La gauche est-elle de retour au pouvoir ou sur le point de le conquérir dans la plupart des pays occidentaux, comme pourraient le laisser croire certaines victoires électorales et les sondages d'opinion, ou est-ce simplement une impression relevant d'une analyse un peu superficielle de la situation? Passe-t-on réellement du bleu au rouge?

L'ascension de la gauche commence il y a déjà trois ans avec l'élection de Barack Obama à la présidence des États-Unis et la réélection des travaillistes en Australie et des socialistes en Espagne et au Portugal. Des gouvernements de gauche sont déjà aux affaires en Norvège, en Finlande et au Royaume-Uni. La Grèce et l'Islande virent socialiste en 2009 et, la même année, le conservateur Japon vote pour une coalition sociale-libérale.

Cette année, le mouvement semble s'accélérer. Le Danemark renoue avec les socialistes après dix années d'éclipse. En France, la gauche s'empare du sénat pour la première fois en 50 ans, alors qu'en Allemagne les conservateurs de la chancelière Merkel mordent la poussière dans les Länder. Même au Canada, malgré la victoire des conservateurs en mai, le centre gauche se maintient au pouvoir en Ontario, à l'Île-du-Prince-Edouard et au Manitoba.
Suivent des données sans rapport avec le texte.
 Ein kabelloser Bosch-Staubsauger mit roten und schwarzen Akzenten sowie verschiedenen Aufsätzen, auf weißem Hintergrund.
Qu'est-ce qui pousse donc l'électorat dans cette direction? À première vue, on pourrait croire que les ravages de la crise économique de 2008 et le train de vie obscène de certaines gens d'affaires à New York, Londres ou Paris expliquent ce comportement. Si c'est le cas, alors la crise actuelle promet un véritable raz-de-marée de gauche l'année prochaine lors des prochains scrutins présidentiels en France et aux États-Unis. Et aux élections législatives en Espagne, ou peut-être même en Italie, si Silvio Berlusconi tire sa révérence.

Toutefois, l'explication est un peu courte et cache en fait des réalités nationales aussi singulières les unes que les autres.

Il y avait des gouvernements de gauche ou de centre gauche en Occident bien avant la crise et certains, comme au Royaume-Uni et au Portugal, ont été battus par la droite au milieu de la débâcle économique. Barack Obama n'est pas réélu, loin de là, et Nicolas Sarkozy n'est pas battu. La gauche progresse, mais la droite résiste. Ou est-ce si simple?

En y regardant de plus près, on se rend compte que la gauche gagne les élections de justesse, comme en Australie, au Danemark et en Finlande, et qu'elle doit souvent gouverner en coalition. À droite, les choses sont similaires. En Allemagne, Angela Merkel a gouverné en coalition avec les sociaux-démocrates. Au Royaume-Uni, la victoire du conservateur David Cameron n'a pas suffi à lui donner le pouvoir. Il a dû entrer en coalition avec les libéraux-démocrates.

En fait, on se rend compte que l'électorat déserte les grands partis traditionnels, du coup les fragilisant, et se réfugie ailleurs auprès de formations très à gauche, ou chez les verts et même, ce qui est inquiétant, du côté de l'extrême droite. Ce dernier courant, inconnu en Amérique du Nord, va chercher entre 10 et 27% des voix dans une douzaine de pays européens.

L'électorat se rend bien compte qu'à gauche comme à droite, les grands partis souvent aux commandes depuis longtemps n'ont plus les réponses aux questions du jour. En fait, les problèmes sociaux, économiques et politiques - chômage, dette, éducation, santé, immigration, poids de l'État - sont devenus si profonds et si énormes à régler que chacun s'y casse les dents. Et pour ne rien arranger, les grands partis sont accusés de complaisance avec ceux qui profitent de la crise économique. Le discours sur la rigueur ne passe plus et les groupes d'«indignés» se multiplient jusqu'aux pieds des temples de la finance à Wall Street.

Il serait plus juste de dire que la carte politique de l'Occident s'illumine de plusieurs couleurs qui changent constamment. Et cela risque de durer longtemps face aux incertitudes actuelles.